For this exercise, output the entries below exactly from the line that holds "The Melville Bay Boat Ramp Area" to the line that holds "Cumpara ieftin SMARTECH", both ends included. No pictures belong in the copy.

* RECORDS SUPPLIED
____

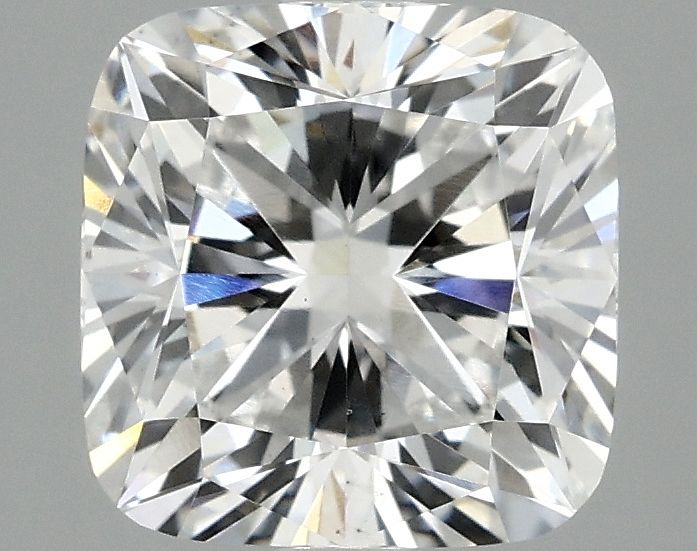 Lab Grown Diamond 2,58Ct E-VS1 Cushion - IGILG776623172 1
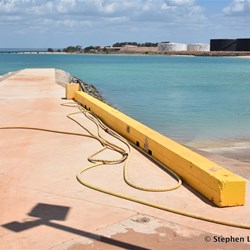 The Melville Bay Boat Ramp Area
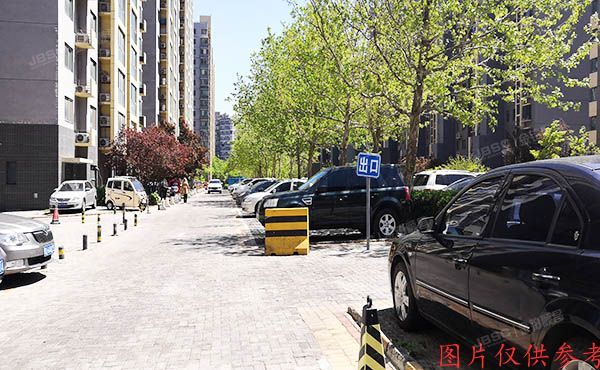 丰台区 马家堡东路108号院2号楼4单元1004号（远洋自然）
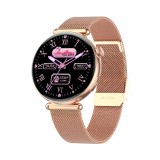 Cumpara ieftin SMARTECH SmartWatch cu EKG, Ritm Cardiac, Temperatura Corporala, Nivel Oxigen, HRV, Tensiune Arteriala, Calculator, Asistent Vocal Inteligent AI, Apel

____

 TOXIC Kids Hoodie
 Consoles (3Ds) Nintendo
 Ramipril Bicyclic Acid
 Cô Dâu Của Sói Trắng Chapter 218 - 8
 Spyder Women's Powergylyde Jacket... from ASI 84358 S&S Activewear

____

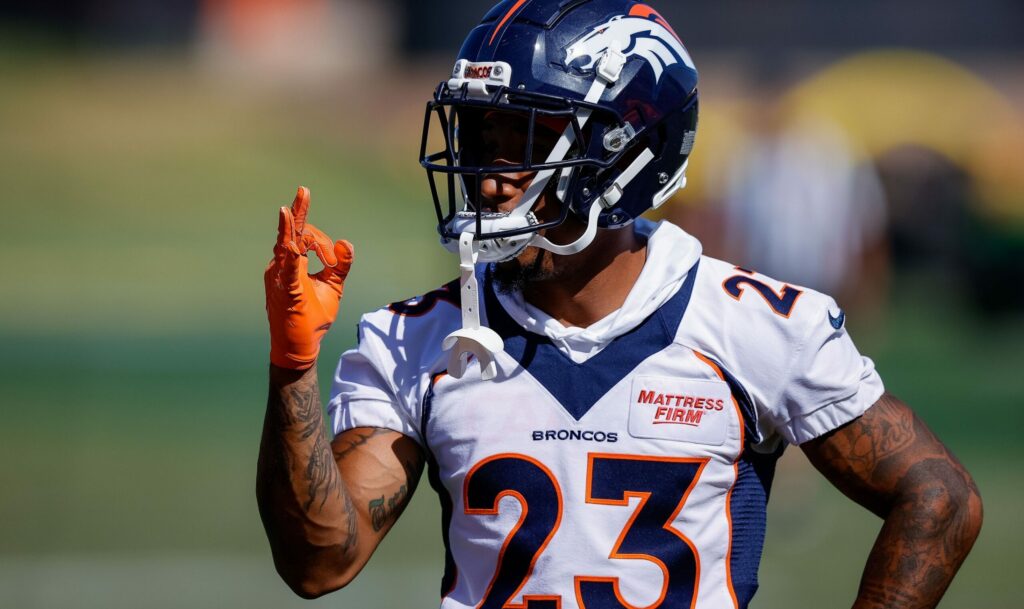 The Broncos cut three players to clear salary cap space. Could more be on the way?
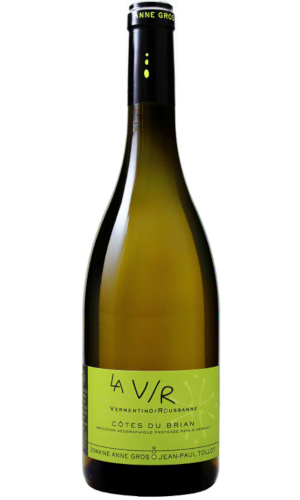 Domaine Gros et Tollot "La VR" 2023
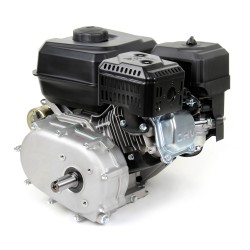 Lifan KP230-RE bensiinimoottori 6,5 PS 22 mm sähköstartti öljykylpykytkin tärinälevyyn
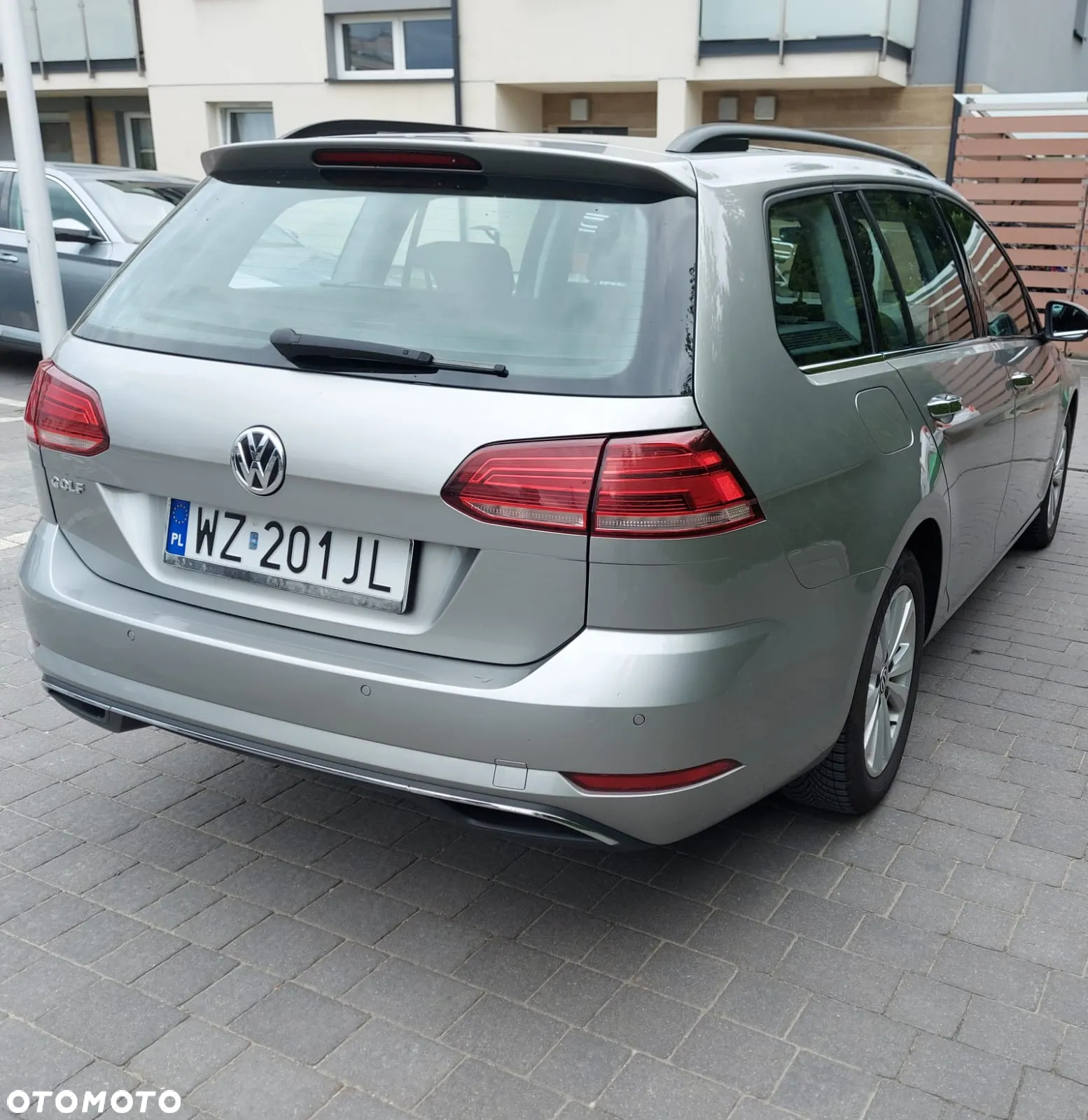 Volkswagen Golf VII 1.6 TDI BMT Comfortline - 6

____

* TASK OUTPUT
 The Melville Bay Boat Ramp Area
 丰台区 马家堡东路108号院2号楼4单元1004号（远洋自然）
 Cumpara ieftin SMARTECH SmartWatch cu EKG, Ritm Cardiac, Temperatura Corporala, Nivel Oxigen, HRV, Tensiune Arteriala, Calculator, Asistent Vocal Inteligent AI, Apel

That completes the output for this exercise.